*What to work on*:
Among the entries below, which lines run from the line with "Page from Tales" through the line with "Photo by hamburgmeinefreundin"? Retype those, both ends included, exactly and without pictures.

*Material provided*:
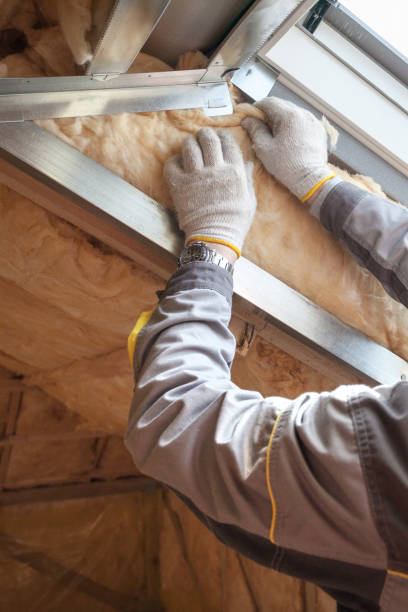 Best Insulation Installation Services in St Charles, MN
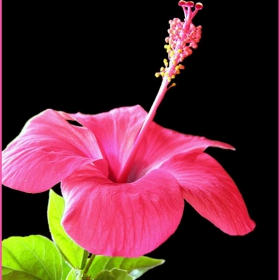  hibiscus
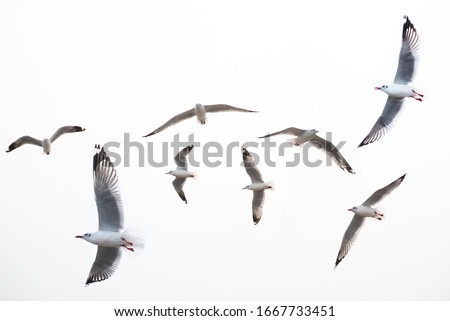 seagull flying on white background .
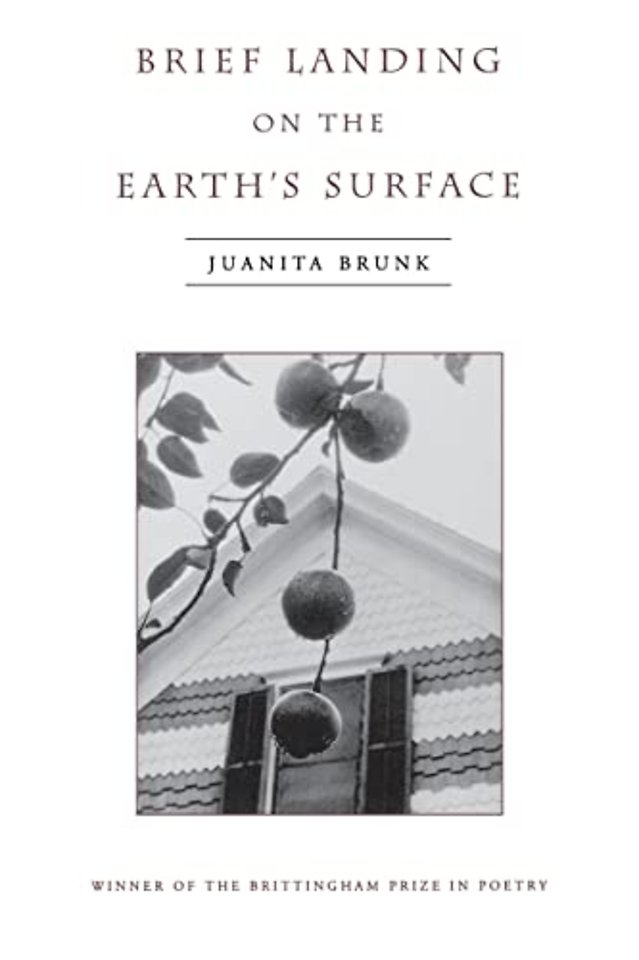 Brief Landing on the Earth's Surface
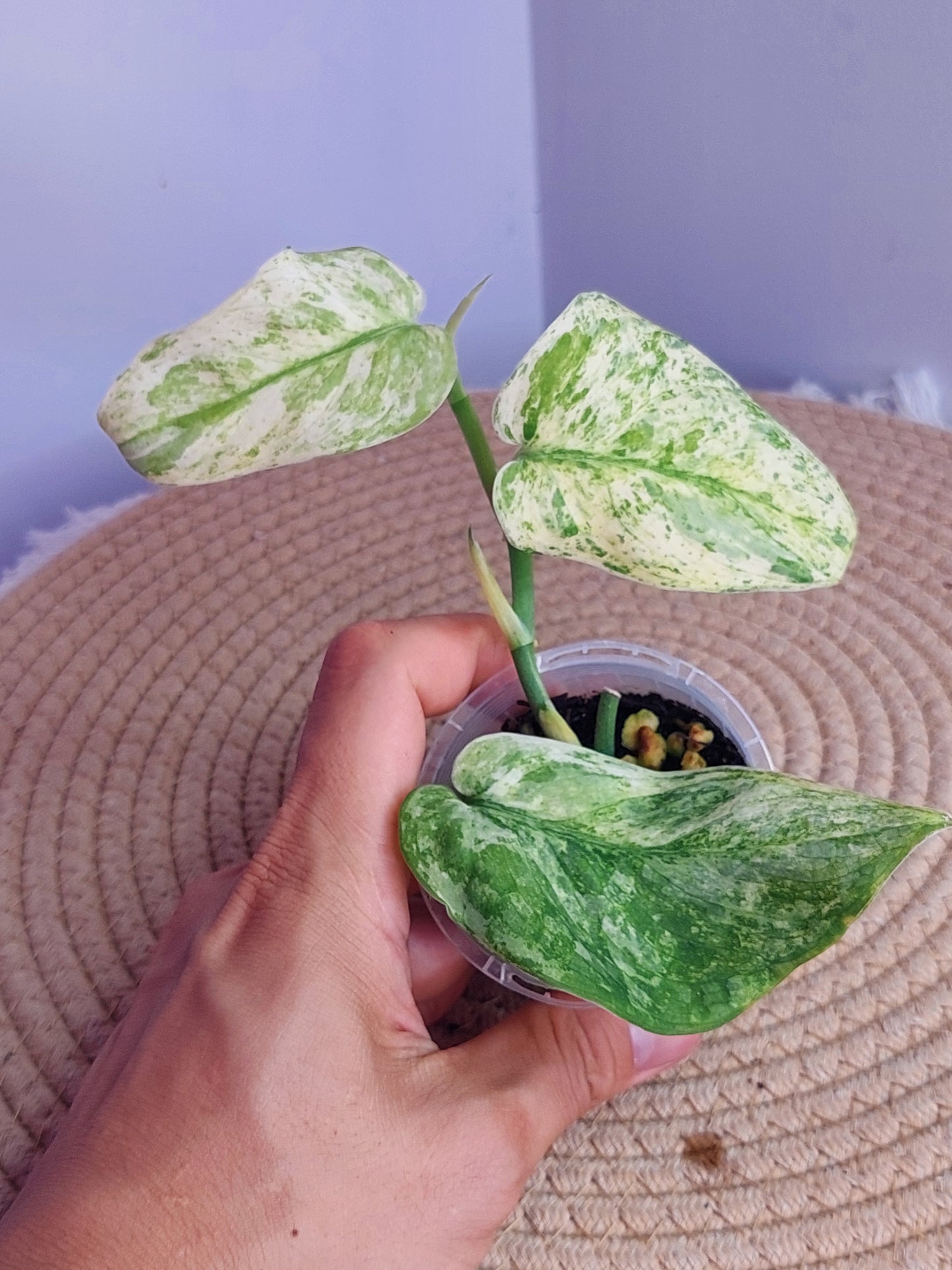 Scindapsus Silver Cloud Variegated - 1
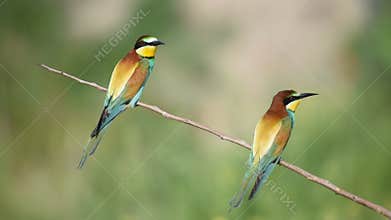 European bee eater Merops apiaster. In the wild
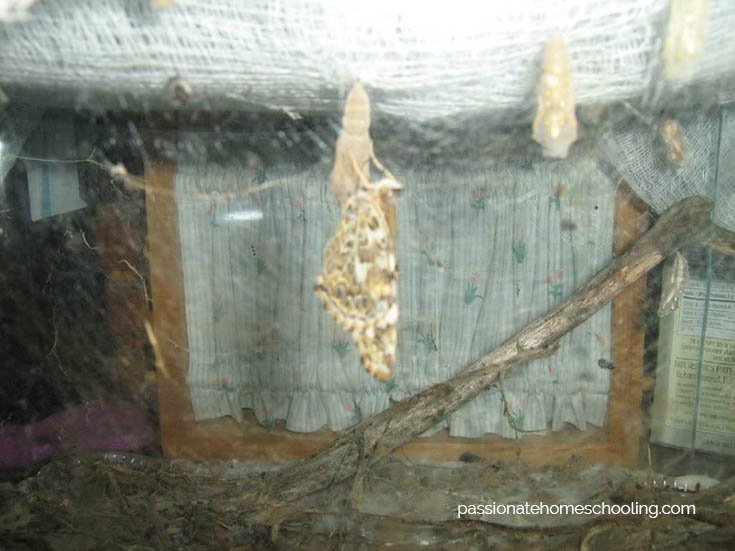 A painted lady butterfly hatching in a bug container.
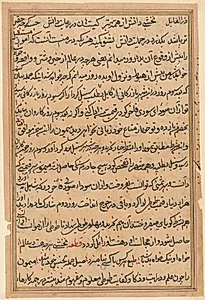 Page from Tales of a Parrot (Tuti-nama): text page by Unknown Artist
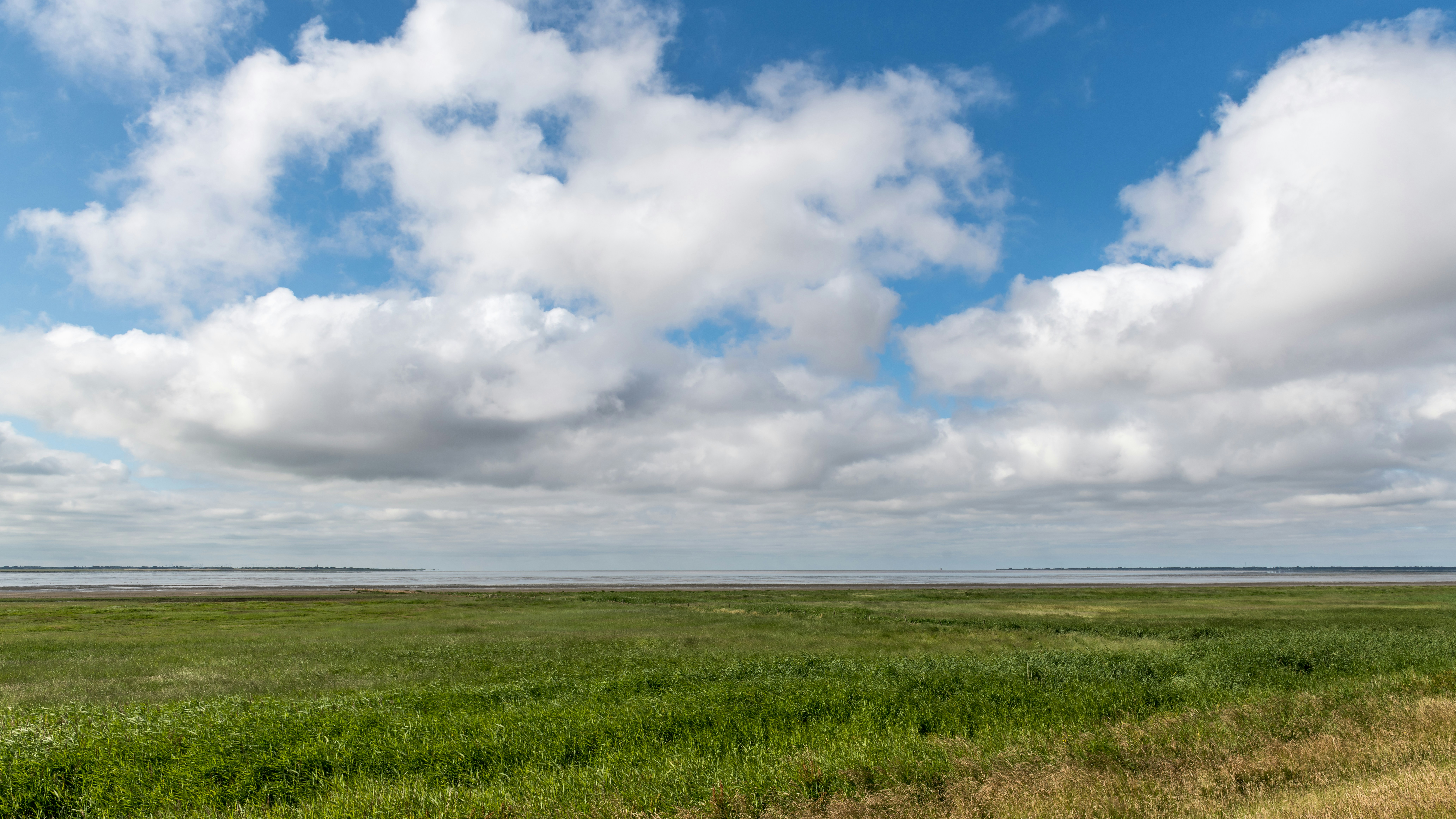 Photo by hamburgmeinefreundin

* * *

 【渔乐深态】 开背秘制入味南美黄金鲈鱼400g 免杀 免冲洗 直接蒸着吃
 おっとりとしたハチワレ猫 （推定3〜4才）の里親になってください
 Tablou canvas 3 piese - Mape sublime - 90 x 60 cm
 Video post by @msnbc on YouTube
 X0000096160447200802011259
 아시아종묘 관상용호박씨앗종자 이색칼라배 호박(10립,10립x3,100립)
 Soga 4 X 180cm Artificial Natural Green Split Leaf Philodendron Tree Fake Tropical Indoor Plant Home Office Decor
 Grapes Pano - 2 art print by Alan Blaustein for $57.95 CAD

*Reply*:
 Page from Tales of a Parrot (Tuti-nama): text page by Unknown Artist
 Photo by hamburgmeinefreundin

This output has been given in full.